Quella lite fra i due era finita con la vittima precipitata dal balcone di casa. Bellinetti, pochi muniti prima di cadere, aveva manifestato il suo stato di prostrazione in varie telefonate.[10] In particolare, la donna aveva chiamato due volte la madre. Nella prima conversazione, alle 18:03, aveva detto che Faiez la stava tormentando e le chiedeva di non scriverle messaggi critici riconducibili a lui. Nella seconda, alle 18:07, la vittima chiedeva alla mamma se poteva andare a stare da lei, ipotizzando di mettere in subaffitto l'appartamento di via Tolstoi per trasferirsi.[6]
La caduta della quarantasettenne avvenne poco dopo, alle 18:22, quando una vicina sentì un forte rumore, si affacciò alla finestra e vide il corpo esanime della signora Bellinetti sul selciato, immobile.
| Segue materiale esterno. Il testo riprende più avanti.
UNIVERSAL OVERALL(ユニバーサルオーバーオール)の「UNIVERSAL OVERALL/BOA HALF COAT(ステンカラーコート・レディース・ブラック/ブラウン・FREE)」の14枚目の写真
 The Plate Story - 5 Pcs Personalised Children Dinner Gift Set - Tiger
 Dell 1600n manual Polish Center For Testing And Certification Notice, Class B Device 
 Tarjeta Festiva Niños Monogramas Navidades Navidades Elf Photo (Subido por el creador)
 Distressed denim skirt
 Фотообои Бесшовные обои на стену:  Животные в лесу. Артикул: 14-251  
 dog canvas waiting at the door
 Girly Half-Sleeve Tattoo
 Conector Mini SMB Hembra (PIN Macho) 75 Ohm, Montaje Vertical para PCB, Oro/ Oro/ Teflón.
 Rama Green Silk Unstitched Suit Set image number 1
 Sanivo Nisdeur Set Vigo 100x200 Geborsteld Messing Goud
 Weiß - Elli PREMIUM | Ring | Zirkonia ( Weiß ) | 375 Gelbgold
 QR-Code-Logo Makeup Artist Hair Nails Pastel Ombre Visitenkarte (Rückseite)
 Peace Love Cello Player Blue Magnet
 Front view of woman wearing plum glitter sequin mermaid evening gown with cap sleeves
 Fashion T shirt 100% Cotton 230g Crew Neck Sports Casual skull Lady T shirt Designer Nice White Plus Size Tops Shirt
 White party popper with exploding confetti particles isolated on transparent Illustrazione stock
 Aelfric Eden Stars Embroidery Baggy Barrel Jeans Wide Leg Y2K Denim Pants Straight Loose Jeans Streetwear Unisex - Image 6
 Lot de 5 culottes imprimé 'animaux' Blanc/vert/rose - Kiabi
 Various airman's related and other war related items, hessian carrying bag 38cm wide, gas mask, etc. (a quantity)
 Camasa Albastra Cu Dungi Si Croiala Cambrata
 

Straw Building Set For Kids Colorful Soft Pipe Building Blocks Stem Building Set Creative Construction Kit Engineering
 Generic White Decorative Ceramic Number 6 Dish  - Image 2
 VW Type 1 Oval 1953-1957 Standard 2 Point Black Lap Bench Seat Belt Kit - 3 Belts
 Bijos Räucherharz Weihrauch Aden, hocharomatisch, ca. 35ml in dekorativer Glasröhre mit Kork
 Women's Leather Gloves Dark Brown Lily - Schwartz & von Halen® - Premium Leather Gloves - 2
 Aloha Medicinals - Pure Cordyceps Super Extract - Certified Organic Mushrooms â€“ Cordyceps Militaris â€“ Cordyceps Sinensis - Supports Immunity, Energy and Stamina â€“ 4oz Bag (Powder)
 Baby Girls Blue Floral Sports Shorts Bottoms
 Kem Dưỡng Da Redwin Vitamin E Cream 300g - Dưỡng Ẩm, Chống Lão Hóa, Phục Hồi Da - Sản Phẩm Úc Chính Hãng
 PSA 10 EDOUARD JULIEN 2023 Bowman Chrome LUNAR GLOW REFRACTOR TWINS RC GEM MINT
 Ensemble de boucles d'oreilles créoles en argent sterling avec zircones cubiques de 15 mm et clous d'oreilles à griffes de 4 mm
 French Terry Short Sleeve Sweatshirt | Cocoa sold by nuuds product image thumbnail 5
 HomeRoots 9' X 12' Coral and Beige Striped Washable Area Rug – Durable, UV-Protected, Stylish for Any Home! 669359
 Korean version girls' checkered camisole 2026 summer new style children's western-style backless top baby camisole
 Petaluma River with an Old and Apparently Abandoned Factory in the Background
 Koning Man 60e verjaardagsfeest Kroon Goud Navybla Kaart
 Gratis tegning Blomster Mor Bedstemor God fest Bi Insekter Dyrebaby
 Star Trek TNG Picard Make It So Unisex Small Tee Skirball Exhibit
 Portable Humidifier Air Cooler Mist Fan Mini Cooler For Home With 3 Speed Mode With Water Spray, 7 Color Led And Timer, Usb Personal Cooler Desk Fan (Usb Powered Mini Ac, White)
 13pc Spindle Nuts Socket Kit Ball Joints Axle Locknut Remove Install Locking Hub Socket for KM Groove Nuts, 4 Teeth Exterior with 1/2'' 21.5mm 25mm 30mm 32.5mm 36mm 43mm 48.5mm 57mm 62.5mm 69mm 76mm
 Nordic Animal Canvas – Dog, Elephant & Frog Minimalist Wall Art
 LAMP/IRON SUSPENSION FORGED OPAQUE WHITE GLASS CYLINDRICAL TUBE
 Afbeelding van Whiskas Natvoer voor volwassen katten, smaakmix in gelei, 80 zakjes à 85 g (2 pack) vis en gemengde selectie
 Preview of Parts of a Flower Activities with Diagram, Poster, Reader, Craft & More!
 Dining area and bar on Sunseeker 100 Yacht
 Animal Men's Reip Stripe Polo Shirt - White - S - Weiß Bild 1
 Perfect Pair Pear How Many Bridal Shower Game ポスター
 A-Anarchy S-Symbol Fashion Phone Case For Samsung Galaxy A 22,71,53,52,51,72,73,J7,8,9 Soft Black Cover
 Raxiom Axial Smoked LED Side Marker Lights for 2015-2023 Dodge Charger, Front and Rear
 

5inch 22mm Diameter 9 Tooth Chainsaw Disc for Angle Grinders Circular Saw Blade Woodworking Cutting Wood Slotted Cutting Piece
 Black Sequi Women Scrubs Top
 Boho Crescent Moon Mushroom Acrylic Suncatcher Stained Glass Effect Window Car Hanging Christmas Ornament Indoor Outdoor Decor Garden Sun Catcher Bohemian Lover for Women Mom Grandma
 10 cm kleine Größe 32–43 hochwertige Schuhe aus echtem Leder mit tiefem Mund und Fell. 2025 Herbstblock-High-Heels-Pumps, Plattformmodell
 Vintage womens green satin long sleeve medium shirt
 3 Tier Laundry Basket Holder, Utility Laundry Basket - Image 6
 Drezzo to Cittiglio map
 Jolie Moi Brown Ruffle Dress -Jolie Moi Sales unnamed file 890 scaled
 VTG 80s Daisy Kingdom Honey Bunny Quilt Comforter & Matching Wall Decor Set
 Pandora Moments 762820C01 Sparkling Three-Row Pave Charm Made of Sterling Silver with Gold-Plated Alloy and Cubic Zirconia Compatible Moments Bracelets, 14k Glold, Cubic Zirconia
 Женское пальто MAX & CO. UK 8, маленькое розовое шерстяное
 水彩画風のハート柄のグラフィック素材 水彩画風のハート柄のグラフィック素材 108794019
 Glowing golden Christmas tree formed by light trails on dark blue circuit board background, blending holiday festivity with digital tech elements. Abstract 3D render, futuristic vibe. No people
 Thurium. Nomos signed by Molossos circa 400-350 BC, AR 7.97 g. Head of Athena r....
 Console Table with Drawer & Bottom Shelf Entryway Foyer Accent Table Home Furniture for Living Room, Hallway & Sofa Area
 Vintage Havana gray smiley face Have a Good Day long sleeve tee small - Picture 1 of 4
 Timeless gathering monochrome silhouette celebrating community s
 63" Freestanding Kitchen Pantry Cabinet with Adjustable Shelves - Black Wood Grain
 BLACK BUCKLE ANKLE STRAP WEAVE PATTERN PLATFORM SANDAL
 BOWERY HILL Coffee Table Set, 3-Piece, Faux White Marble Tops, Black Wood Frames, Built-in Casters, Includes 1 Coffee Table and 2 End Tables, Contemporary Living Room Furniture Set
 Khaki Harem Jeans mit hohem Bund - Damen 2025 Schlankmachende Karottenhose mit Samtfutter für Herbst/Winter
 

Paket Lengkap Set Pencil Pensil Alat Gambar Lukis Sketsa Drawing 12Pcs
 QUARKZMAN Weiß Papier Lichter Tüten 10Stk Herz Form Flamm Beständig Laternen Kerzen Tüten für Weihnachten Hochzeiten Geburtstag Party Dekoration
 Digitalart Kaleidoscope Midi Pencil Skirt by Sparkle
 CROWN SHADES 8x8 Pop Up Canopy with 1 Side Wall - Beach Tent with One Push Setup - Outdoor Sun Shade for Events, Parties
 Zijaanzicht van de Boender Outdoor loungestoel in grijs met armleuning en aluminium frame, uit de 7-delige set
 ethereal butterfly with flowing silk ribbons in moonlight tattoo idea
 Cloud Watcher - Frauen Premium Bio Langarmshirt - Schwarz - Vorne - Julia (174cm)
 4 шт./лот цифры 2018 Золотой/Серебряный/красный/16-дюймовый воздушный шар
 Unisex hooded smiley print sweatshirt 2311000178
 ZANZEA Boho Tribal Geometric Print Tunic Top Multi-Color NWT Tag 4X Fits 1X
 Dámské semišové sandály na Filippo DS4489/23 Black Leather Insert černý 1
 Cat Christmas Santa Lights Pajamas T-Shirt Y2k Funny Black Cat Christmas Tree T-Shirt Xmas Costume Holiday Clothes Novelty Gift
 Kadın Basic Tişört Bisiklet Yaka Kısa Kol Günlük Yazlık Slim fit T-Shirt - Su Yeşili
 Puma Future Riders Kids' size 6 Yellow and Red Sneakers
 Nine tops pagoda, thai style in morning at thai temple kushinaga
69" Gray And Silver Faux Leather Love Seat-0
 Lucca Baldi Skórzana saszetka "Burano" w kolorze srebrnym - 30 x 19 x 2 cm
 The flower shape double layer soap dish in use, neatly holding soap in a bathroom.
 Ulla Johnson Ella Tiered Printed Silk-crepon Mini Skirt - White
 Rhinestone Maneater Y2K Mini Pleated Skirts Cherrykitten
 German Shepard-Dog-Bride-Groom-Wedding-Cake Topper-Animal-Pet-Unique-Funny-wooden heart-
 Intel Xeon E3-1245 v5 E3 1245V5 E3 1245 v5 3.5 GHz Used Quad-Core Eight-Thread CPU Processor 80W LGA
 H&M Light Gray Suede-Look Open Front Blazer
Dalle analisi chimico-tossicologiche sulla salma della vittima, era emerso che al momento della precipitazione la donna era in stato di moderata alterazione psico-fisica, dovuta probabilmente all'assunzione alcol, metadone e benzodiazepina.[6]
Secondo quanto ricostruito dagli investigatori, nel corso del tardo pomeriggio dell'8 aprile 2025 – poche decine di minuti dopo il decesso della vittima –, Faiez avrebbe riferito ad un amico incontrato nel Modenese: "Fratello, ho litigato con lei e lei è caduta giù", spiegando che non essere al corrente delle condizioni della donna perché lui era scappato quando lei era precipitata. Questa frase, per gli inquirenti, collocava l'indiziato nell'appartamento di via Tolstoi mentre si consumava il delitto, avvenuto probabilmente tramite una spinta o un sollevamento che aveva provocato la caduta della quarantasettenne.[6]
Nel febbraio del 2026, al termine delle indagini, la Procura di Bologna chiese il rinvio a giudizio per il tunisino.[11]